** DATA PROVIDED follows **
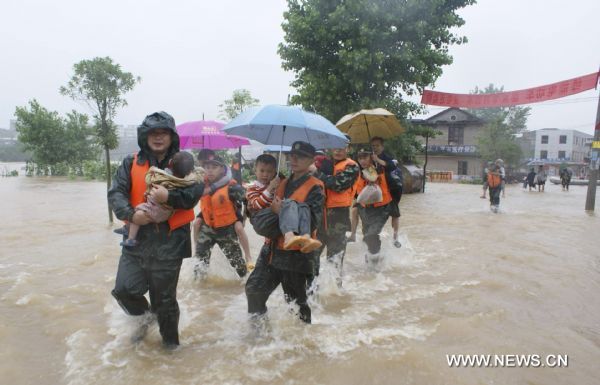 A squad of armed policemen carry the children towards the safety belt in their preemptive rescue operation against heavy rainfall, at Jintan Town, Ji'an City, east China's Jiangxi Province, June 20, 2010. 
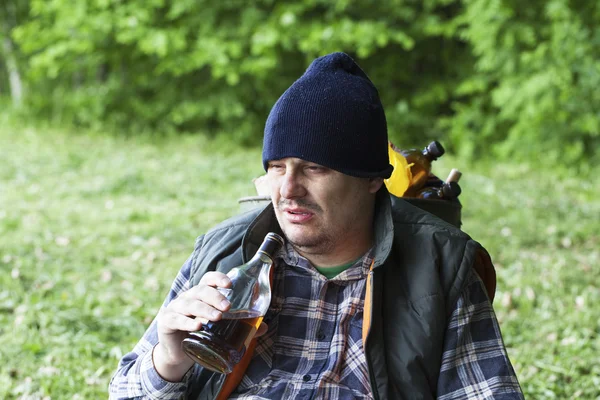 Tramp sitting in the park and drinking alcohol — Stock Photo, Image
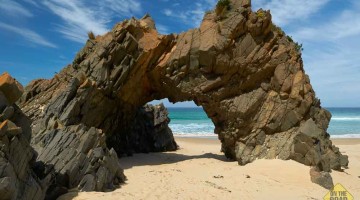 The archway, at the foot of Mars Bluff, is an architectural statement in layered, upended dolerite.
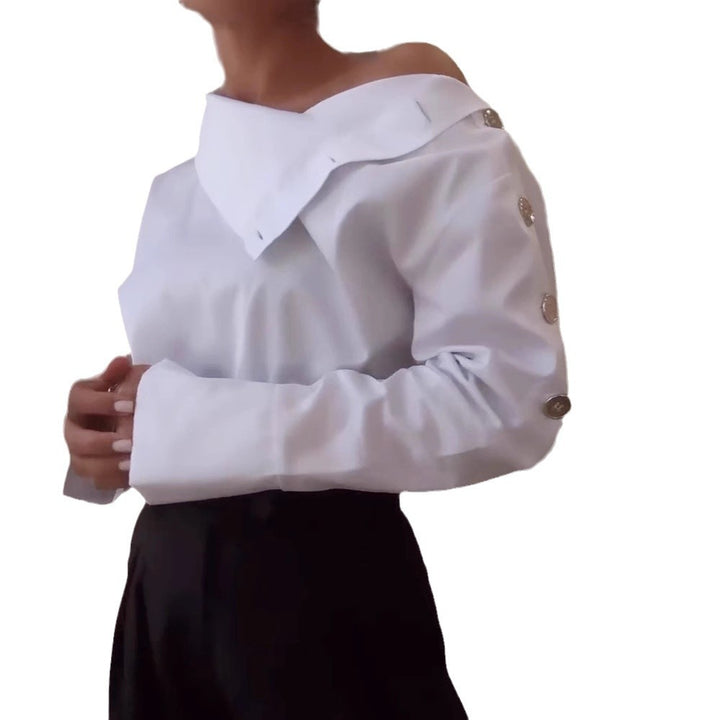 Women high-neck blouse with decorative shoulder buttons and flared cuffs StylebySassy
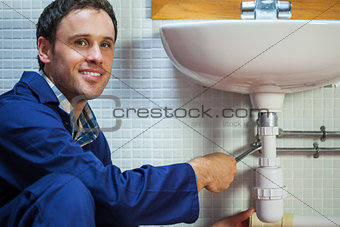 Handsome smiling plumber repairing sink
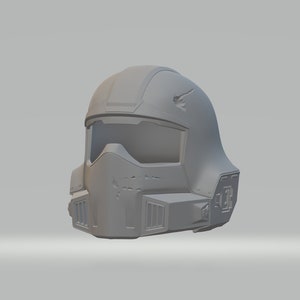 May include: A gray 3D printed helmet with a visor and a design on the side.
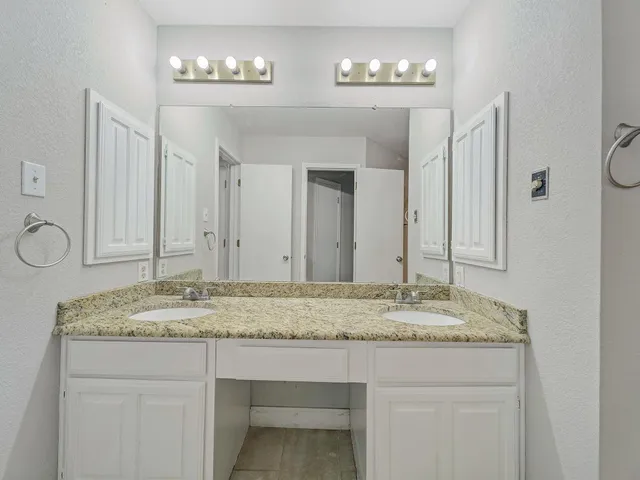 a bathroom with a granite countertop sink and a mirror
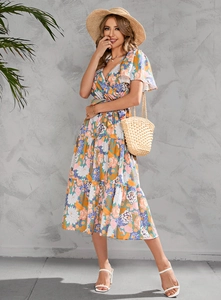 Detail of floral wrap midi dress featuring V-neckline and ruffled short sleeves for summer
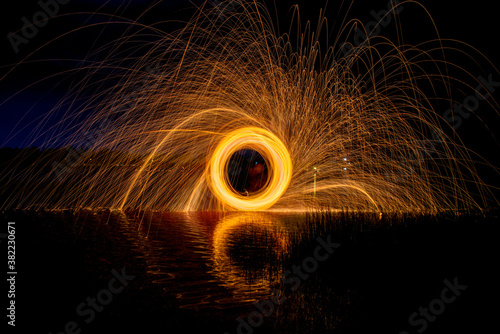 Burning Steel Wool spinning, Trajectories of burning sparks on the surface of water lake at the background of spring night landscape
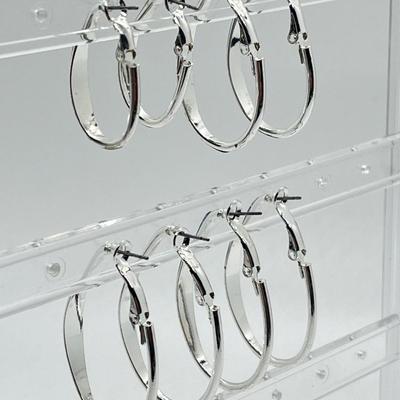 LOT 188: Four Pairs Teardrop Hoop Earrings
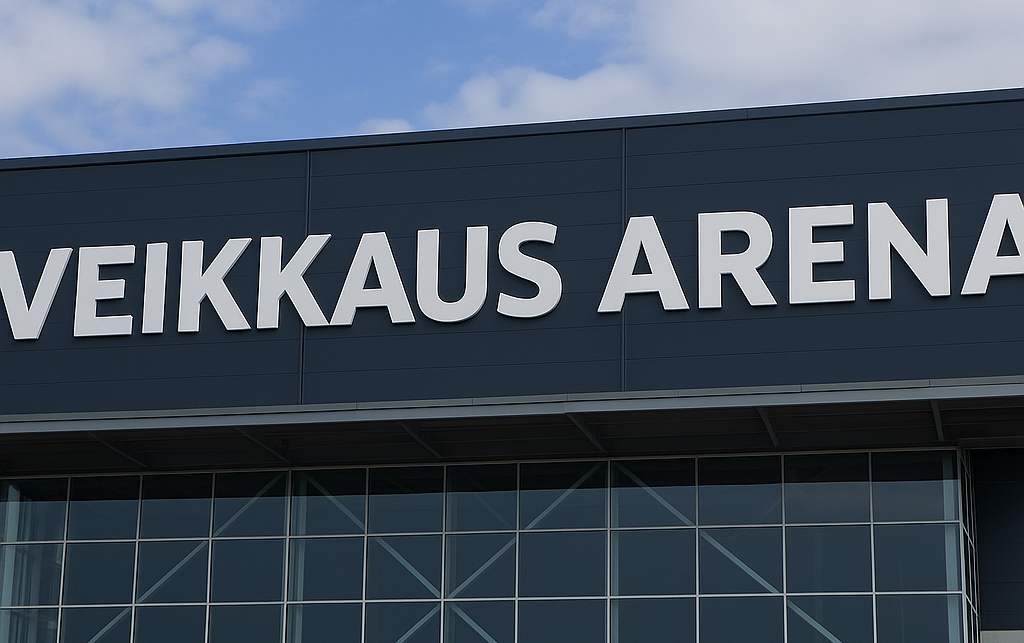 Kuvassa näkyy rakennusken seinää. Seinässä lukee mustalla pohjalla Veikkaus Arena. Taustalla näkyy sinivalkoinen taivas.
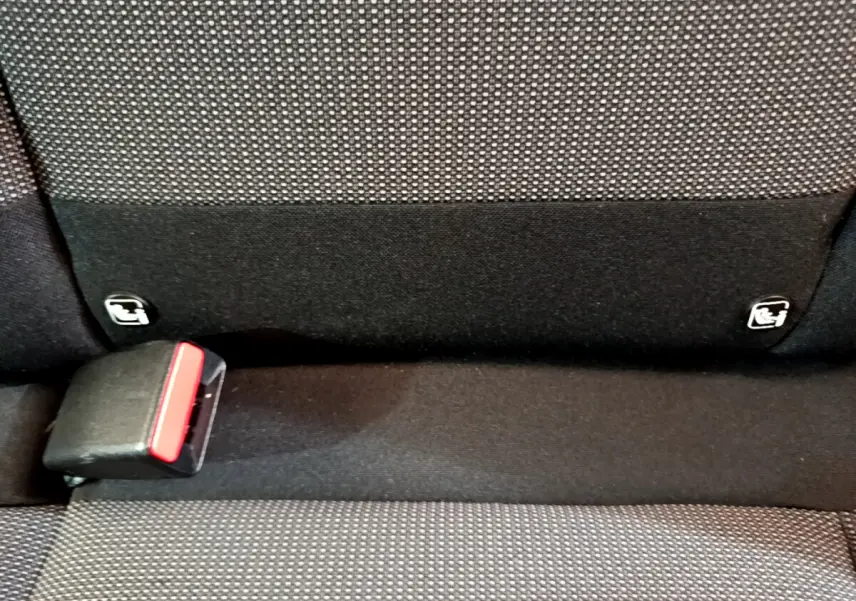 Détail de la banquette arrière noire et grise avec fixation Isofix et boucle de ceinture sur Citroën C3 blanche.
** End of DATA PROVIDED **
** DATA PROVIDED follows **
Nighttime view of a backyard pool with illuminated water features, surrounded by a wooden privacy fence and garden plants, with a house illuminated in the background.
** End of DATA PROVIDED **
Respond with the exact lines above running from the one containing "Women high-neck blouse" to the one containing "Détail de la", both ends kept and no pictures included.

 Women high-neck blouse with decorative shoulder buttons and flared cuffs StylebySassy
 Handsome smiling plumber repairing sink
 May include: A gray 3D printed helmet with a visor and a design on the side.
 a bathroom with a granite countertop sink and a mirror
 Detail of floral wrap midi dress featuring V-neckline and ruffled short sleeves for summer
 Burning Steel Wool spinning, Trajectories of burning sparks on the surface of water lake at the background of spring night landscape
 LOT 188: Four Pairs Teardrop Hoop Earrings
 Kuvassa näkyy rakennusken seinää. Seinässä lukee mustalla pohjalla Veikkaus Arena. Taustalla näkyy sinivalkoinen taivas.
 Détail de la banquette arrière noire et grise avec fixation Isofix et boucle de ceinture sur Citroën C3 blanche.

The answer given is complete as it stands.